A few weeks ago I did buy a third, which is really the only other name in midstream energy that I think has the level of financial conservatism combined with the asset quality where you could say what I'm buying here is a long-term high-quality investment--that's Enterprise Products. Even at that, I took a very small position and figured I'd let market volatility perhaps serve up some opportunities to expand that stake over time.

But you look out farther and you see a lot of partnerships that are now not covering their distributions--in some cases their parent companies are not covering their c-corp dividends--from ongoing cash flow. That means that they are borrowing to pay distributions, and they are probably borrowing money on top of that in order to fund growth projects. Those growth projects may or may not turn out to be needed by the industry as they come online.
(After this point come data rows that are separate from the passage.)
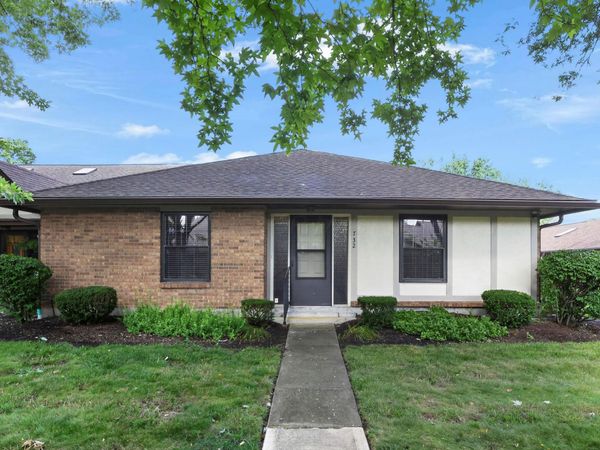 732 Pine Needles Drive, Dayton, OH 45458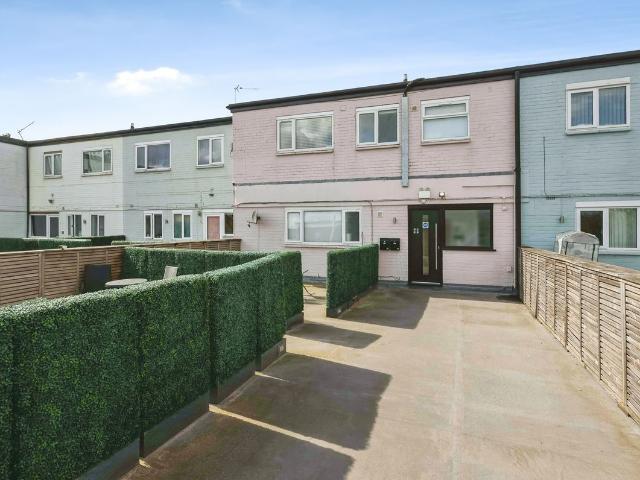 Apartment for rent in Maney, Birmingham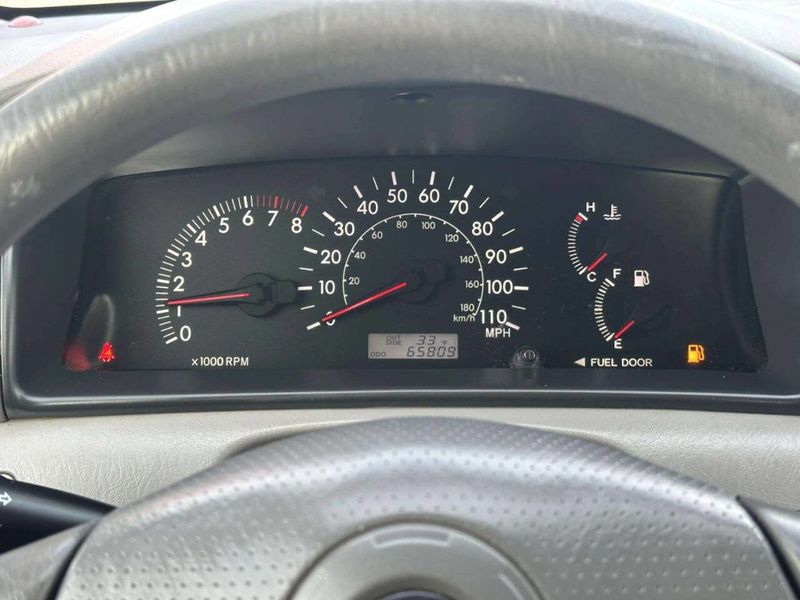 2007 Toyota Corolla 4dr Sedan Automatic LE - 23010046 - 24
So you have to think, where is this partnership in terms of the stream, the chain between the wellhead and the burner tip? I think in general the closer you are to the consumer the more reliable your volumes are going to be, and hopefully you'll have that nice fee-based stream of cash flow. The closer you are to a drilling base, and if you are gathering and processing, if they are not drilling, then you shrink. That's just a tough business. And we haven't seen this sort of cycle in the industry, in its sort of MLP era, that we're seeing right now.

I'm expecting that, unless you see a dramatic, sustained turnaround in the price for crude oil and natural gas, there are going to be distribution and dividend cuts. That's going to mean volatility, even for the very high-quality, very financially strong companies, like the ones I own. But to be buying them at these prices, leave yourself some firepower to maybe pick up even more at still lower prices, if that happens. And if things snap back, well you've already got a decent stake in some very good companies that are positioned to thrive and continue to grow their distributions, even in a less attractive environment than we've had over the last couple of years.

Glaser: In the energy space, you also own Chevron. How have low oil prices been affecting them? Are you worried about dividend cuts from Chevron?

Peters: Well, the stock price has gotten totally clobbered. And by some measures, depending on how you want to define their peer group, Chevron has actually fared worse than an Exxon or a Shell. I think this reflects the fact that they made a very large bet--and I think it was a prudent one at the time--to expand their production. They'd had a lot of luck with the drill bit and really expanded their resource base, and then they followed that up with tens of billions of dollars of commitments for capital spending in order to build out that resource base and turn it into production, which, in turn, turns into cash flow.

Other oil companies have been able to slash their capital outlays much quicker and have tried to prop up free cash flow that way. But Chevron is still at the tail end, where they need to bring these projects--some of them are huge--into service, and they still have to spend the money, even as cash flow has dropped.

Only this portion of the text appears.